REQUIRED WORK =>
Quote exactly the lines spanning from the top of the data below to the line that contains "Herrenschuhe: OFF-WHITE sneakers", including both.

INPUT FOR THIS TASK Block Start

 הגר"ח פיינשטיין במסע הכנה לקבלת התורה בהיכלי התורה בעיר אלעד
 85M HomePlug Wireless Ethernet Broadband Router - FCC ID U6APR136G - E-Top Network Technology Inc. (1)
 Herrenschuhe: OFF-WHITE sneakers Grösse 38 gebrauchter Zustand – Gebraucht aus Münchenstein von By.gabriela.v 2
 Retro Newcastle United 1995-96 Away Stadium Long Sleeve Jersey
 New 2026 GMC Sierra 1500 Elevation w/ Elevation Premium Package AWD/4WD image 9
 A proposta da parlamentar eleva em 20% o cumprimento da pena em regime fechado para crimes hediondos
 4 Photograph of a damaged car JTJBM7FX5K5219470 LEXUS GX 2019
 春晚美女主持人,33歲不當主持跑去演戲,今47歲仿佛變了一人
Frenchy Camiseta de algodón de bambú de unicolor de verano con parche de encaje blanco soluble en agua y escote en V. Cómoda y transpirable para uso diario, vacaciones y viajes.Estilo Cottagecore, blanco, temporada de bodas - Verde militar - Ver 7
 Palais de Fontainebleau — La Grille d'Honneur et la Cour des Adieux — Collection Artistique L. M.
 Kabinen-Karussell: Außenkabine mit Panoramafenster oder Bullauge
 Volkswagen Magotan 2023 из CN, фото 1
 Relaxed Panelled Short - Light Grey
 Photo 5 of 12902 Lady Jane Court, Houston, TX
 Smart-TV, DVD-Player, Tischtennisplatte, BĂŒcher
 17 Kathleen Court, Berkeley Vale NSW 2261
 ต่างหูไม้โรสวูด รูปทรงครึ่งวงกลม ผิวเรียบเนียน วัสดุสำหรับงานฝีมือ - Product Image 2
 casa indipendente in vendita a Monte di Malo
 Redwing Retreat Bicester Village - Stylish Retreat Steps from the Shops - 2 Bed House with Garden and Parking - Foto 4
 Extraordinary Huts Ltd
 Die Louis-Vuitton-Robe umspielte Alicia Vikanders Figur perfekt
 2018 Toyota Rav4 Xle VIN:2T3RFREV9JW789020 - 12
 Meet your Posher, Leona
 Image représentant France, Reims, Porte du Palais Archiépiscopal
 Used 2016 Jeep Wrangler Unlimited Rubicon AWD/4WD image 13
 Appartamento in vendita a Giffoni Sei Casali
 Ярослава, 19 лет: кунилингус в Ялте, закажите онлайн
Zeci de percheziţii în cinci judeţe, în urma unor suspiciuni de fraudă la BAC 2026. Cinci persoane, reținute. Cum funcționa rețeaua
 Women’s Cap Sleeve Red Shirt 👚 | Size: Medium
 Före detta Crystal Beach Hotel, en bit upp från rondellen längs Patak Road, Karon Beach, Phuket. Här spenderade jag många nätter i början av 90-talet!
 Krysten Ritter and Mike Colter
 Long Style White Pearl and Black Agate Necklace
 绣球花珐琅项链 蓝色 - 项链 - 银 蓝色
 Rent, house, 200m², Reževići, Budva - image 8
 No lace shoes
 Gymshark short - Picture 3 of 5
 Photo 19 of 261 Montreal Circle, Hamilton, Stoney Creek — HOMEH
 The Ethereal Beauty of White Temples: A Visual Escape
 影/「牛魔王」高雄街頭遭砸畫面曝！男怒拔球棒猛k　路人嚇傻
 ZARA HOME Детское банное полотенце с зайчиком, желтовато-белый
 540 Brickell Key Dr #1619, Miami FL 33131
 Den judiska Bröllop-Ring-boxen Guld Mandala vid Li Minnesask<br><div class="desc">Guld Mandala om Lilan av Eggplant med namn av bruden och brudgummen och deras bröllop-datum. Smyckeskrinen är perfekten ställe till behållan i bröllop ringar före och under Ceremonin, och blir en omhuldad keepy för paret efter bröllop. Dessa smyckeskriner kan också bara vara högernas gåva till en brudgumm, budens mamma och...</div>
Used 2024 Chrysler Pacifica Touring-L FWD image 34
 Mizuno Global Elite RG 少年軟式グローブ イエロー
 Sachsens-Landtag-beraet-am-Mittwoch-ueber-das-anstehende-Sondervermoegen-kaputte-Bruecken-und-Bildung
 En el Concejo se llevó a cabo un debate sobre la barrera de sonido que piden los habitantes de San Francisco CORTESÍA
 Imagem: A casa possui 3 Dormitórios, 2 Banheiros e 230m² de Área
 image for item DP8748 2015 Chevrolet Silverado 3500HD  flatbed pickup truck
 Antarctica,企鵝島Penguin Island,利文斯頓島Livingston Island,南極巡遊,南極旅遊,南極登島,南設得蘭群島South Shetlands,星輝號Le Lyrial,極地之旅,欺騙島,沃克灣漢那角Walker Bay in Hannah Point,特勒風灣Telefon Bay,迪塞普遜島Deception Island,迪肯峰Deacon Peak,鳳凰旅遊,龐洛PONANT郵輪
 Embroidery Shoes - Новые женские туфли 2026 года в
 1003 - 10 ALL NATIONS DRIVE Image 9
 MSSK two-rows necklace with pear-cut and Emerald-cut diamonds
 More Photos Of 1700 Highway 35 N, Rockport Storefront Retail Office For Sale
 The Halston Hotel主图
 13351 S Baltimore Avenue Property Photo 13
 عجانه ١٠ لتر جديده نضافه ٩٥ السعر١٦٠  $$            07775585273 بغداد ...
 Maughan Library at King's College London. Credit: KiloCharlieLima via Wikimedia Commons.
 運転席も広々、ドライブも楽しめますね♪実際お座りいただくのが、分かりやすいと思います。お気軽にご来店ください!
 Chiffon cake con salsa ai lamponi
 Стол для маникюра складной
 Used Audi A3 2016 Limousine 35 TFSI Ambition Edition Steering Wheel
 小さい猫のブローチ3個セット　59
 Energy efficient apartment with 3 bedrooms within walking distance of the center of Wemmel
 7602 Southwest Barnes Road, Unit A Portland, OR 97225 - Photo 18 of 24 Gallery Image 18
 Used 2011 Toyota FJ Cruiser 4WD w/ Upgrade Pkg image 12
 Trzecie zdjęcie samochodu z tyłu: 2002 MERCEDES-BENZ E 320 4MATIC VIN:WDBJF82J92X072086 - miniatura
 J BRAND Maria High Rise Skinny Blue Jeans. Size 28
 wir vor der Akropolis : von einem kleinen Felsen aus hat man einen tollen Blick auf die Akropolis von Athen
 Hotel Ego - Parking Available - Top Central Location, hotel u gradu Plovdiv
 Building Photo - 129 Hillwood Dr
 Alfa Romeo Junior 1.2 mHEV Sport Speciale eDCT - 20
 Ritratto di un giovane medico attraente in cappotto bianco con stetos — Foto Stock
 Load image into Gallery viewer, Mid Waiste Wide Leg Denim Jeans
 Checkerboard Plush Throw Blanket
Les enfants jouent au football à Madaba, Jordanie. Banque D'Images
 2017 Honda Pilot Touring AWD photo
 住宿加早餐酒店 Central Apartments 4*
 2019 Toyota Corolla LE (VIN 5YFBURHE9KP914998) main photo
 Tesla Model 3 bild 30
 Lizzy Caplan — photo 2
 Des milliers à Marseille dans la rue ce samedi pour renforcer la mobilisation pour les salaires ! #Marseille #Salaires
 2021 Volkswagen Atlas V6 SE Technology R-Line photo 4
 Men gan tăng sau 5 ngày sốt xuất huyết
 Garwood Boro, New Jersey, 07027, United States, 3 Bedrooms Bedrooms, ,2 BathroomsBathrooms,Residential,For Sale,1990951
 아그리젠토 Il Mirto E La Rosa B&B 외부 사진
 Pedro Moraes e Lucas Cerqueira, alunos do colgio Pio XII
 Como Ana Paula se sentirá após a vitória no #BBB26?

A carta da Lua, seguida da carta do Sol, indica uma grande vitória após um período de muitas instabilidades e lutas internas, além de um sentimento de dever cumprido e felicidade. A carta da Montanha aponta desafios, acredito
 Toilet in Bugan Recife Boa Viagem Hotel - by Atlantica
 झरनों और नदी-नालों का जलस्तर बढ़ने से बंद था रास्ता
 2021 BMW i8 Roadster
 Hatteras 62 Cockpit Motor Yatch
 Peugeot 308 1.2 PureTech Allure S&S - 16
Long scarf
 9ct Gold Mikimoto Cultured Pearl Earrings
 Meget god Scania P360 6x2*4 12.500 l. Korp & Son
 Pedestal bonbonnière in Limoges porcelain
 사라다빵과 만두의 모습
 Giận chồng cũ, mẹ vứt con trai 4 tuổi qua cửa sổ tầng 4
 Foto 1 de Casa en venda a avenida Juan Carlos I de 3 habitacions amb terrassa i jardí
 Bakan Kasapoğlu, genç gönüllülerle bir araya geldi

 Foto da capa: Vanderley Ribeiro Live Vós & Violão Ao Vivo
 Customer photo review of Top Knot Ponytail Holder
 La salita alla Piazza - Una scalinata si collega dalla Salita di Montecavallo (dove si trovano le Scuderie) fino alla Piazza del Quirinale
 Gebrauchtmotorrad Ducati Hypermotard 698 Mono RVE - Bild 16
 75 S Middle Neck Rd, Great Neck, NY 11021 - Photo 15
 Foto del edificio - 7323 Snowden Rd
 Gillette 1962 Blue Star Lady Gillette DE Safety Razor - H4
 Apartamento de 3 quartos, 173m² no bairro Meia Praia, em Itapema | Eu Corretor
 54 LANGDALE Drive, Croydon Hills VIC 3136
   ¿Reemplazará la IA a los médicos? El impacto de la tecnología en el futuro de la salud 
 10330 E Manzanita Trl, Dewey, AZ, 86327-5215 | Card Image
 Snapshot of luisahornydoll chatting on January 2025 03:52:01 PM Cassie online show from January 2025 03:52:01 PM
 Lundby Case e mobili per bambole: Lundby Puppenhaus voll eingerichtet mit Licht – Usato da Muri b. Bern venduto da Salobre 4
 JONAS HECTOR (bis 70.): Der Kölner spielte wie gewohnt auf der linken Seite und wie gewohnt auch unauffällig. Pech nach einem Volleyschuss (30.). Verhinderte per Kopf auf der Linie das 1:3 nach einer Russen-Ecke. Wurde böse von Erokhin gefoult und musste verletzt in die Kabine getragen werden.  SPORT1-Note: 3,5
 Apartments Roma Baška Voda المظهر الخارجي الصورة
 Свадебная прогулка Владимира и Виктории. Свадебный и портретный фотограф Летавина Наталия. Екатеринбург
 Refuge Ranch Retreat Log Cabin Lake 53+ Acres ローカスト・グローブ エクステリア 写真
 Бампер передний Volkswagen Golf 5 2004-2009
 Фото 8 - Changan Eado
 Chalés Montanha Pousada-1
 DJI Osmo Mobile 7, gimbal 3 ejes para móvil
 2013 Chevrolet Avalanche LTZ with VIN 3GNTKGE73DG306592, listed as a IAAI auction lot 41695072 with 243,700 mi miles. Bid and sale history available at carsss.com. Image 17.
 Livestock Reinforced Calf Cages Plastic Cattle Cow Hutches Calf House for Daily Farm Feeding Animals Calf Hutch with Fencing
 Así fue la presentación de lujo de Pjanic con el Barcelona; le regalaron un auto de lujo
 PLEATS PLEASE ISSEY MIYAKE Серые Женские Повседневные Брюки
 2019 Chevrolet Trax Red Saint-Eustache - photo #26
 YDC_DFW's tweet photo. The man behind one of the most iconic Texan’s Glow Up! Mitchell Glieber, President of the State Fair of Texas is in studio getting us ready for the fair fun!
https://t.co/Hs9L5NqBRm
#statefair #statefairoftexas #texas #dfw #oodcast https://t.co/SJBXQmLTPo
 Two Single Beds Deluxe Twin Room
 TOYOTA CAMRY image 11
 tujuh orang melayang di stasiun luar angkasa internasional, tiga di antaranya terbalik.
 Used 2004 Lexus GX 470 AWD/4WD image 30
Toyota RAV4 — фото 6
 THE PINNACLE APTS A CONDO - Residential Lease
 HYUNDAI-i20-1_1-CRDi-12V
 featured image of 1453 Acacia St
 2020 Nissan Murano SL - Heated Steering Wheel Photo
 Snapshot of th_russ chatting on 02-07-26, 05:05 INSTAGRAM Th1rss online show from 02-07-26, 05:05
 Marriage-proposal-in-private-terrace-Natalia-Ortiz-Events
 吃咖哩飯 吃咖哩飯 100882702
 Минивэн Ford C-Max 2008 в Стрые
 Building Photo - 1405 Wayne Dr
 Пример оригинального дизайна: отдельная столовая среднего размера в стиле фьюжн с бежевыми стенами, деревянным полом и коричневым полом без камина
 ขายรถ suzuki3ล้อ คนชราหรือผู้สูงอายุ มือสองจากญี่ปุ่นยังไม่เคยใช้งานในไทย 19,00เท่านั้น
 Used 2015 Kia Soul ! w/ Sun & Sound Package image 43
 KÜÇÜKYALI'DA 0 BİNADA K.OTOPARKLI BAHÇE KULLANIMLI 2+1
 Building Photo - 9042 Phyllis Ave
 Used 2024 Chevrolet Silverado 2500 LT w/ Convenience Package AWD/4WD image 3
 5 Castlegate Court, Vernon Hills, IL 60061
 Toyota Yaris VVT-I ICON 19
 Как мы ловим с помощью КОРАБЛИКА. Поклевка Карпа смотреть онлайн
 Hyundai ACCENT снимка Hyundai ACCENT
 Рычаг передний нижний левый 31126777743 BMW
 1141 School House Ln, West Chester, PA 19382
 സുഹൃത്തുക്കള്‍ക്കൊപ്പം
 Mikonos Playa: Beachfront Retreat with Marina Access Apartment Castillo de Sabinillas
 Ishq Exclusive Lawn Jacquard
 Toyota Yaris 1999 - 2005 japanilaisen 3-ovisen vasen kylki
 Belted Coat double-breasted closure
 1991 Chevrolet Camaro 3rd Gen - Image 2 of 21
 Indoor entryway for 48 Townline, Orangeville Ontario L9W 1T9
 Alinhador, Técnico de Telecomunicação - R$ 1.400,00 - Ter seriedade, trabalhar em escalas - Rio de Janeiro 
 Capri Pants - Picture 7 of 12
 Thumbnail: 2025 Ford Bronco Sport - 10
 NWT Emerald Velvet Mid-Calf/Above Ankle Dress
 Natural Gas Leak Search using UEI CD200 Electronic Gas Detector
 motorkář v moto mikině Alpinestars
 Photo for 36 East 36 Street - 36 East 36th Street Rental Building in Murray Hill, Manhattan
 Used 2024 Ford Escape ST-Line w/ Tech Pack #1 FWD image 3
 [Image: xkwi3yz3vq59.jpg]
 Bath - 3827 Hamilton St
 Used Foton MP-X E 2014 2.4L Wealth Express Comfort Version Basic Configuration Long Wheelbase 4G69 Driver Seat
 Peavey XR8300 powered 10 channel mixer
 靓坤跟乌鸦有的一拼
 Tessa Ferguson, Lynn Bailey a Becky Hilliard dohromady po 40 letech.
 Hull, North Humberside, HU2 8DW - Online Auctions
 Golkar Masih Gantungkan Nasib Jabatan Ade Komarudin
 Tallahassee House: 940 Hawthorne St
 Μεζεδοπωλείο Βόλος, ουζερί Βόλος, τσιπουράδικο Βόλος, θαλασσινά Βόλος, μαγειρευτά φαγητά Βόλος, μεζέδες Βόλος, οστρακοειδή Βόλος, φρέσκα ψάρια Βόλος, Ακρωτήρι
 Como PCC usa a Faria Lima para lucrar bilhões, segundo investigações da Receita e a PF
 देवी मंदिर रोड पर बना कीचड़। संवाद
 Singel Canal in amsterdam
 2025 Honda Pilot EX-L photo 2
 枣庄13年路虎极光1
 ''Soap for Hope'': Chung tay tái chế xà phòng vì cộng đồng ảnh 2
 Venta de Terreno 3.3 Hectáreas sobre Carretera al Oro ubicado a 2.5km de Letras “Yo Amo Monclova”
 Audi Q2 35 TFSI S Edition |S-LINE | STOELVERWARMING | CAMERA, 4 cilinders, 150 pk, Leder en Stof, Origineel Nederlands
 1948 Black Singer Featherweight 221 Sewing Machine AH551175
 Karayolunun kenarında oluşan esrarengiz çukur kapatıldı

INPUT FOR THIS TASK Block End

FINISHED TASK =>
 הגר"ח פיינשטיין במסע הכנה לקבלת התורה בהיכלי התורה בעיר אלעד
 85M HomePlug Wireless Ethernet Broadband Router - FCC ID U6APR136G - E-Top Network Technology Inc. (1)
 Herrenschuhe: OFF-WHITE sneakers Grösse 38 gebrauchter Zustand – Gebraucht aus Münchenstein von By.gabriela.v 2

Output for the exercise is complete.